As soon as my spot was confirmed I started preparing the presentation, putting together draft after draft, going over and over the content, changing it, editing, discarding one idea, putting in another, scrapping that and going back to the original.

On the long flight from Sydney to Milan I worked on it constantly, fiddling with the content right up until the morning of the presentation. 

Suffice to say, once I walked onto the stage all that pent up perfecting bubbled over into what felt like a non-sensical word salad as my brain ducked and weaved trying to recall which bits I had left in and which ones I had finally decided to leave out.

I was spiralling in a vortex of perfectionism.

Feeling exhausted, overwhelmed and energetically zapped, what I now know from the experience (and others like it) is that paradoxically, the more you strive, prove and perfect, the further away you get from where you truly want to be.

Perfectionism, as an ideal, is a myth.

In fact striving to be perfect is a cover up for an underlying fear of not being good enough. As long as your work, your creations, or how you show up in the world is 'perfect' according to the standards you've set for yourself, you get to avoid the truth of who you are - a perfectly imperfect human being.

No-one is perfect and your value as a person doesn't depend on it.

Elizabeth Gilbert explains it well in her book Big Magic where she says:

“Perfectionism is just fear in fancy shoes and a mink coat, pretending to be elegant when actually it's just terrified.”

Your sub-conscious is terrified that you won't be liked, loved, belong or accepted if you're imperfect.  It uses what sound like acceptable excuses to prevent you from exposing yourself, and to lower the risk of any damage when you do. 

If you find yourself saying  "It's not perfect enough", "It's not ready yet", "It needs more work" it's likely you can relate.

The good news is that you're not alone (I'm with you on this) and it's partly not your fault.

You may have been lead down the pathway of perfectionism by being trained to believe that 'good-ness' and 'right-ness' are strategies for garnering love, attention and a sense of belonging.
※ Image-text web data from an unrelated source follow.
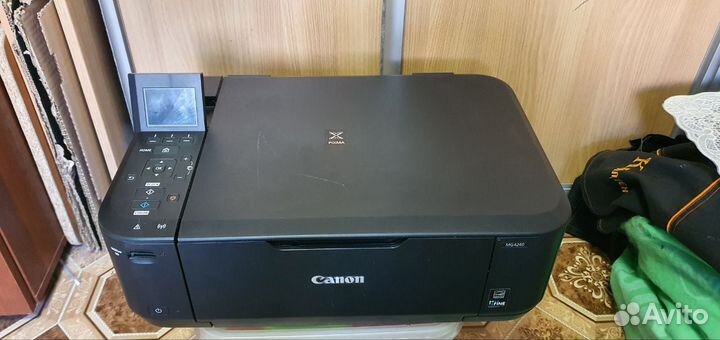 Принтер мфу Струйный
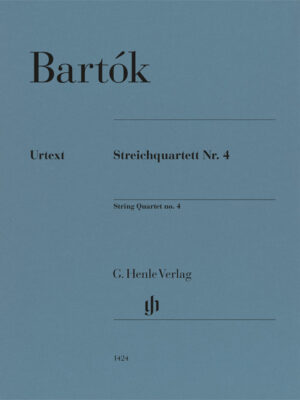 String Quartet no. 4 (HN1424)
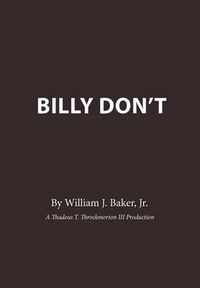 Cover image for Billy Don't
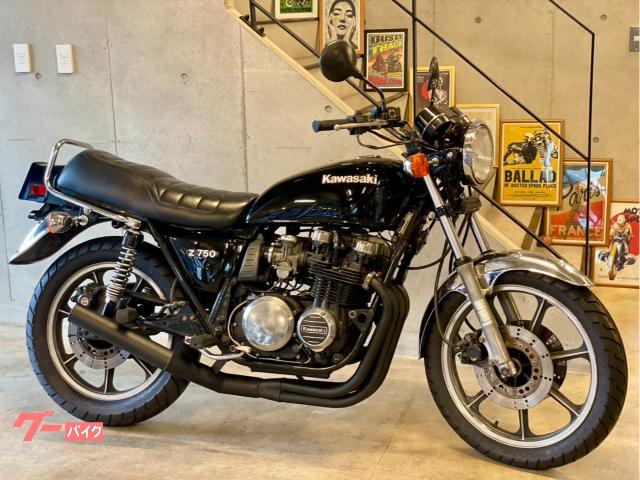 Ｚ７５０ＦＸII　ブラック　マットブラック集合管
Being praised for getting things right, following the rules, excelling at something - whether it's sport, maths, tidying your room or the way you use your cutlery - all contribute.

Acknowledgement feels good so you keep striving to reproduce it. However projecting a persona based on societies expectations cuts you off from your authentic self expression. 

It's exhausting and it doesn't serve you.

Perfectionism costs. Some of the ways this plays out include:

  • Never putting your creations out into the world

  • Not showing up authentically

  • Perpetuating a sense of self-esteem based on a projected and protected, false image 

  • Not embracing your humanity

  • Perpetuating a belief that your value is dependent on what you produce, how you look and what you do, rather than who you are

  • Feeling a sense of separation - seesawing between feelings of superiority and inferiority


The myth of perfectionism ends up blocking the very thing you want - to be seen, heard and valued as your authentic self.

As Adam Kurtz said in this 99U talk:
"Nobody cares how talented you are. Being yourself is the difference."